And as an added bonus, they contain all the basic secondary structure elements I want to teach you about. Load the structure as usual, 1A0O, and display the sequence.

...

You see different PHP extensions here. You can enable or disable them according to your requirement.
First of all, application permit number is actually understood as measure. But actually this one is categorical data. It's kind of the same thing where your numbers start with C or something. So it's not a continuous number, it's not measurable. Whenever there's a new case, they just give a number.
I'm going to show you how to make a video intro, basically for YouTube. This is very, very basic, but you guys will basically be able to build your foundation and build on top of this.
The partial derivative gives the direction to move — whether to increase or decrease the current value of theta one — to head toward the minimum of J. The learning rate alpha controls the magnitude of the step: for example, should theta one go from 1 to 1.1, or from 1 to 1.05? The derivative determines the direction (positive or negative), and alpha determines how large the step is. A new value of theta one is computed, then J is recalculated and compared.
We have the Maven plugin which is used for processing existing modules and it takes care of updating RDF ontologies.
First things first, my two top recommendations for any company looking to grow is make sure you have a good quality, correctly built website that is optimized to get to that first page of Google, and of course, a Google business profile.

AIM OF THE EXERCISE
Write out each line of the data that holds the string "make".

YOUR SOLUTION
I'm going to show you how to make a video intro, basically for YouTube. This is very, very basic, but you guys will basically be able to build your foundation and build on top of this.
First things first, my two top recommendations for any company looking to grow is make sure you have a good quality, correctly built website that is optimized to get to that first page of Google, and of course, a Google business profile.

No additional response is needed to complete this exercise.